The price tag was worth it, marketing analysts say, just to get the interactive Greg Oden diagnostic.

Paging Wile E. Coyote

Adrian Beltre got ejected after an umpire ordered him to quit standing outside the on-deck circle — so Beltre dragged the circle to where he’d been standing instead.

On the bright side, however, Beltre landed a product endorsement for Acme’s portable holes.

More headlines

• At TheKicker.com: “Brady turns 40, eligible for NFL senior-citizen discount on next fine.”

• At SportsPickle.com: “Dale Earnhardt Jr. submits paperwork for gas reimbursement.”

Quote marks

• Clippers forward Blake Griffin, via Twitter, after Rockets GM Daryl Morey says the NBA might be better off scrapping the MVP and other individual awards: “Honestly, we should do away with championships too. … Participation trophies for everybody.”

• Brad Dickson of the Omaha (Neb.) World-Herald, after Cowboys D-lineman David Irving lost a nipple ring during practice: “You think athletes feel stupid down on all fours looking for a lost contact lens?”

• Comedy writer Marc Ragovin, after ex-Giant Michael Strahan lost part of a finger in a recent accident: “ ‘Amateur,’ said Jason Pierre-Paul.”

• Mike Bianchi of the Orlando (Fla.) Sentinel, on NASCAR’s Dale Earnhardt Jr. heading to the NBC broadcast booth next year: “The way he’s been driving this season, he better leave now if he wants to get there on time.”

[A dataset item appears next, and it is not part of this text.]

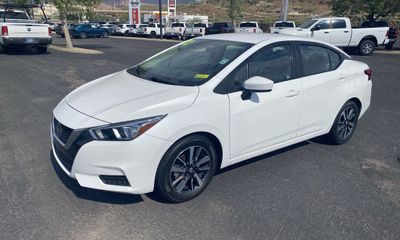 2022 Nissan Versa SV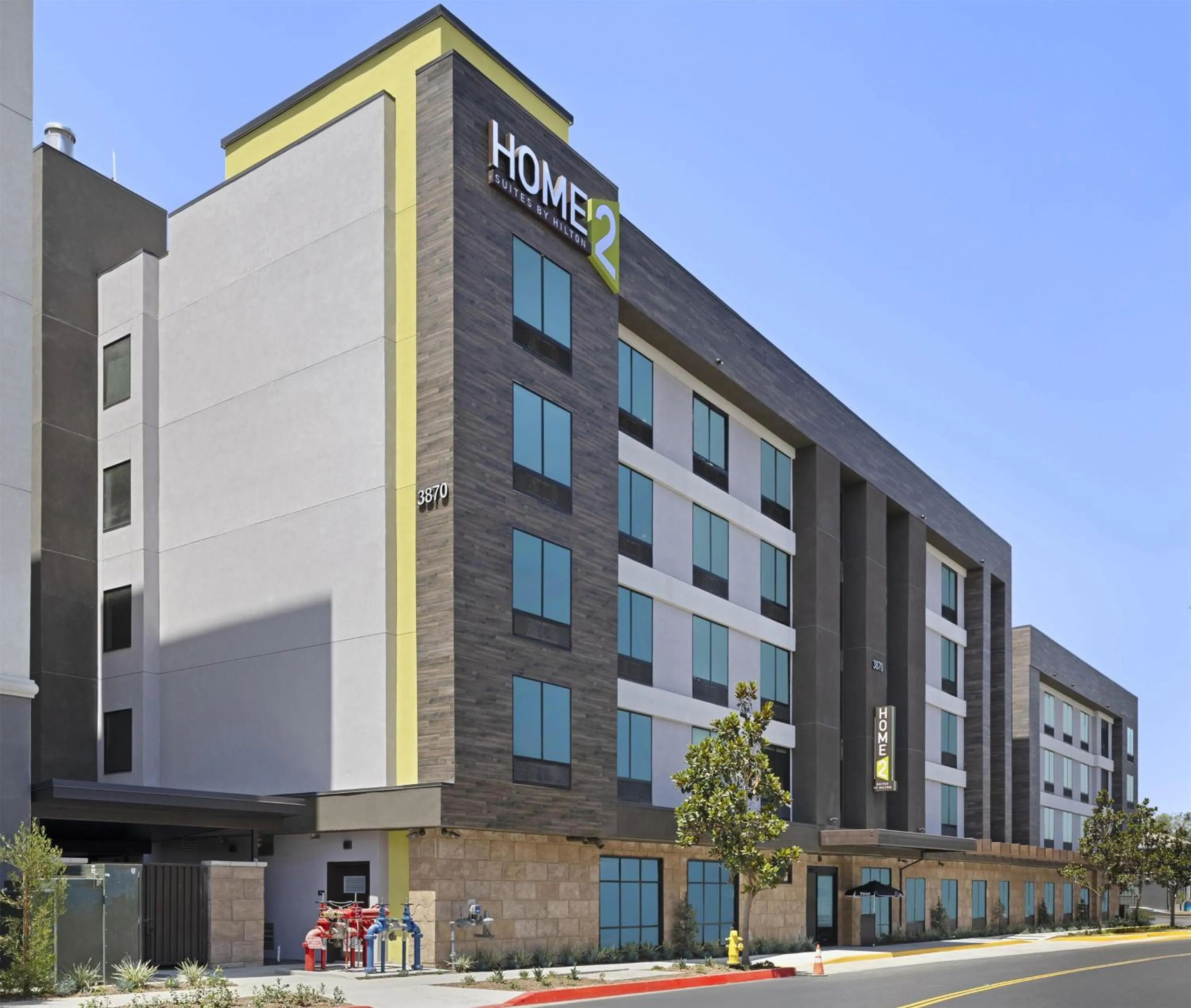 Property building in Home2 Suites By Hilton Riverside Downtown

• RJ Currie of SportsDeke.com, on Novak Djokovic announcing he is taking the rest of the tennis season off: “ ‘Way ahead of you,’ said the Philadelphia Phillies.”

• Dodgers GM Farhan Zaidi, to MLB.com, after making three trade-deadline deals to bolster the pitching staff of a club that was already 74-31: “I think it will definitely be an emotional boost for the team, although it’s hard to say they need it.”

• Janice Hough of LeftCoastSportsBabe.com, on all the roster churn surrounding the Oval Office: “Did nobody tell Trump that the MLB trade deadline didn’t apply to White House positions?”